Tales of a 21st Century Gypsy

April 30, 2004. In Court.

I actually came through Arlington this week because I was being sued. If you’ve been reading this blog regularly you might be thinking, as one person remarked, “do I detect a pattern here?” Pursuit by Canadian collection agent, small claims court, what else is going on here? It’s not a pattern, it’s an utterly unexpected onslaught of hassles over money and the law – the phone hassles, the lawsuit, a run-in with Mastercard, a ticket for going through a red light that I sure didn’t see. It all makes me wonder what’s going on.

The lawsuit arose because I scratched someone’s bumper in a poor attempt at parallel parking. I didn’t realize I’d done it, but when he pointed it out I agreed that I had, and he went off to get a repair estimate.
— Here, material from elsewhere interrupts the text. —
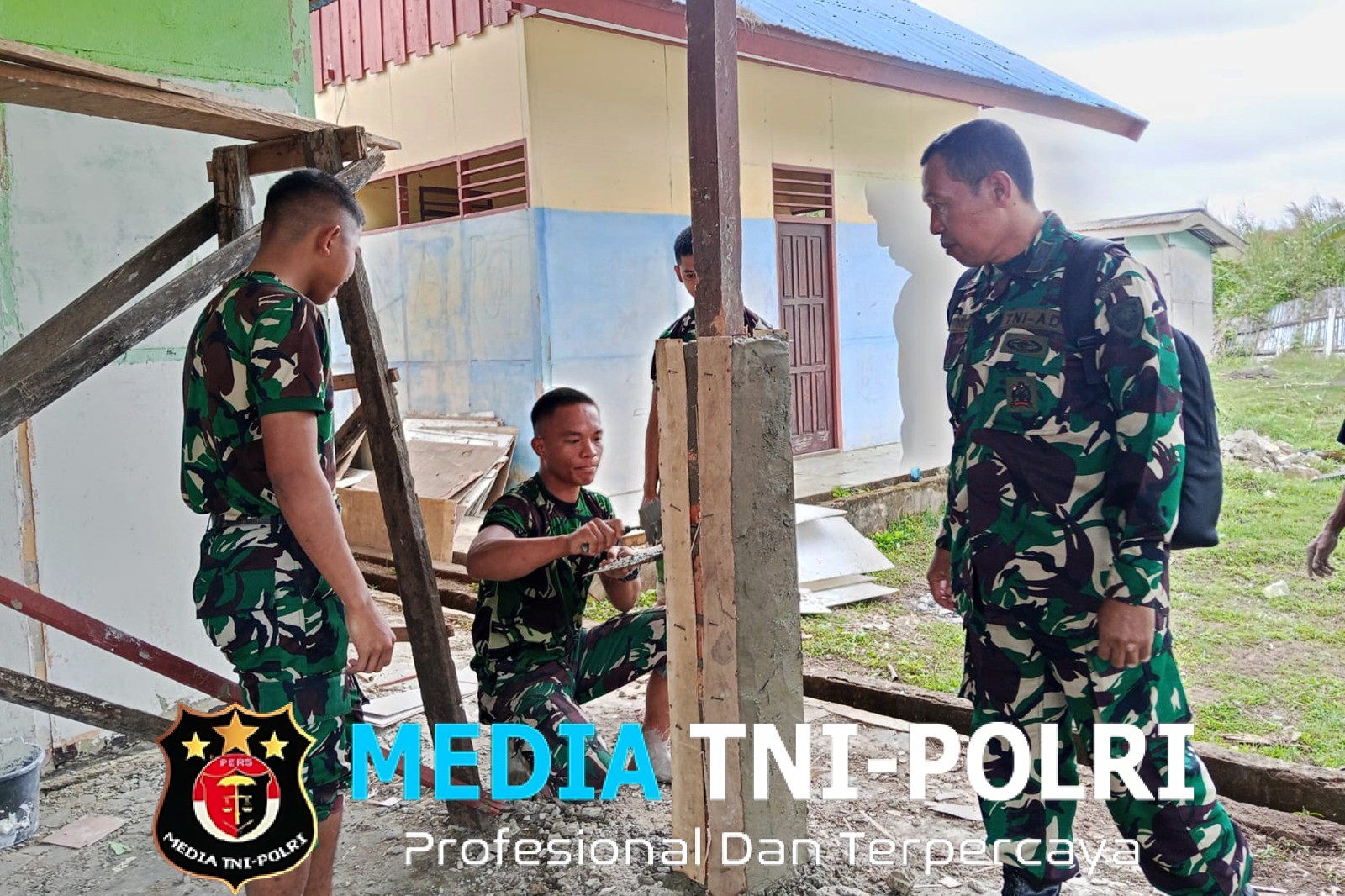 Karya Bakti Skala Besar TNI AD 2026 Wujudkan Laboratorium Layak SMP Negeri Urumb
He came back with estimates from two shops, one three times the other. Of course I sent him a check for the lower. Whereupon he sued me for the higher.

I was flabbergasted. Did he think a judge would award him the higher amount to do the same work, and let him keep it when he took the car to the cheaper shop? And if he had to spend it on repairs, why waste everyone’s time in court? But when I called to ask why he was doing this, he hung up on me. I had tried to deal with him on a friendly basis, since I certainly had scratched his bumper, but clearly he preferred to throw his rather considerable weight around in court instead.

I was annoyed and furious, and just didn’t want there to be any chance of him having the satisfaction of winning. I thought about treating it all as just another experience in the way the US works, and writing about it on this website along with my other experiences. I got there early to take photos of the courthouse, and went in armed with a notebook for writing about the court scene and a pile of New Yorkers to read while we waited our turn.

As it turned out, we mediated. He presented a case that was totally new to me – two estimates quite close together, and my check for much less than either. I was so angry my hands were shaking as I pulled out the much lower estimate he had given me, which I had paid. At this, we were all a bit baffled – why did he and I have radically different estimates from the same body shop, written at the same time? Lisa, our down-to-earth mediator, suggested we split the difference. He suggested I pay him the lower of his two estimates – still much more than the estimate he had given me. I suggested we call the body shop and ask what this was all about. Financially a bad move on my part, as it turned out, but we did figure it out – the shop had given him two different estimates, mine and his, and they combined to cover the work to be done. He had only seen the higher one, I had only seen the lower. Which meant he actually did have a case, and we arrived at a compromise easily from there.

On the surface, the event ended amicably. Waiting for Lisa to file the papers, he told me about growing up on a farm in south-western North Carolina, where his dad taught him to drive a tractor when he was ten, before he was even tall enough to see over the wheel. He milked cows, slaughtered chickens, raised pigs. He got away from that life by studying law enforcement in college in Greensboro. Now, in middle age, he works for the Justice Department, and is detailed to Capitol Hill to help investigate infractions for various congressmen. He described his work in a tone of surprise, that a black farmboy from North Carolina had landed up on the Hill, regularly meeting (as he made sure to let us know) with congressmen and senators. He also told me about his sixteen-year-old daughter, whom he has raised alone since her mother died in childbirth. She plans to go to Georgetown and then study law, but doesn’t expect to ever leave her father.

I was torn between regarding him as an interesting cultural experience along with all the others I’ve met, and thinking him a boorish, bullying type whom I wouldn’t want to meet in a dark alley. A law enforcer who is delighted by the knowledge and power his work has given him, who sued me rather than calling to resolve the problem, while telling me how nice he was being. A man who phoned my house and spoke to Susanna so rudely that she left a panicked message on my cellphone warning that he was crazy and under no circumstances was I to give him my cellphone number. An interesting type to interact with, perhaps, but not someone I have any desire to see again.